In a place that only held bad memories for me, I sat alone.

I sat alone, in the cold, in the dark with nothing but my thoughts.

It didn’t matter if my eyes were opened or closed, the darkness was swallowing me either way - and I welcomed it.

I sat there in the dark, thinking of all the terrible things that had happened to me there. Of all the terrible thoughts that were linked to this place. I thought of this day, a year ago and began to cry.

This place literally and metaphorically had no light for me.

Today, a year after my anchor to the world was lost to the bright beams of Heaven - I decided to bring a new, much lighter memory to this place.

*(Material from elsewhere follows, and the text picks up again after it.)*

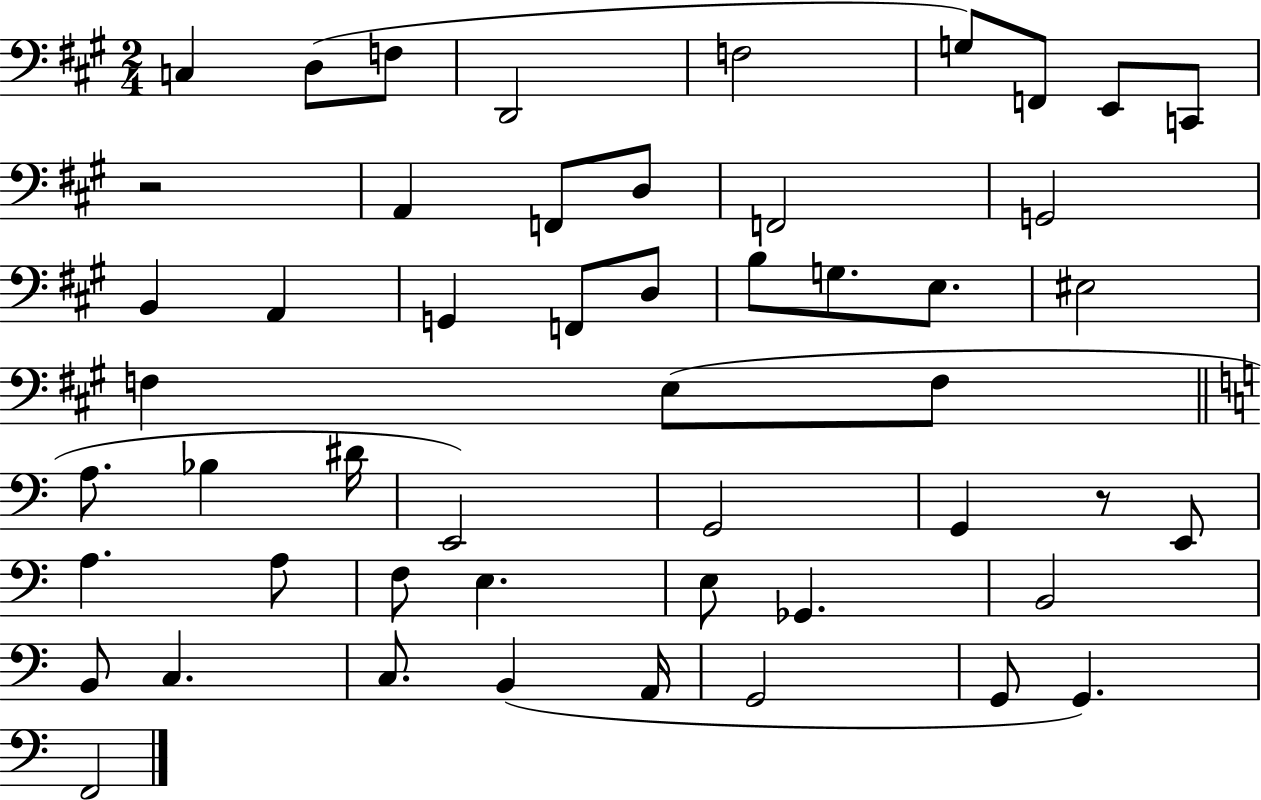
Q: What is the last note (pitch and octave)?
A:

I brought with me, 25 candles.

A candle for every year he was with me.

One by one, I lit each candle. And with each candle, I thought of a good memory.

I said it aloud and heard the snort of a horse or the sniff of my dog - and eventually the sound of my closest friend remembering with me.

I was in a barn - a place I turned to whenever I was upset or anxious.

A place I took out all my anger on the world by brushing the horses or simply sitting and talking to them - seemingly like a crazy person.

It just felt easier that way to me.

Once all 25 candles were lit, I sat and listened. When it was quiet enough - I heard the breath of the horses, and smelled the sweet wax of all the candles. At some points during the night, on the eve of one of my darkest days - I was capable of laughing.

In a place where I usually cry.

Today, I found a sense of healing, by turning on a light (or a few) in a place that was always considered a dark sanctuary.

It isn’t easy to bring positive thoughts to a negative situation. It isn’t easy to change your view of something that brings you pain.

But you don’t have to do it alone.

No matter who it is who talks you through the night - whether it be your closest friend or a voiceless horse, remember ...

You have someone.

It’s okay to bring something beautiful to a place of darkness.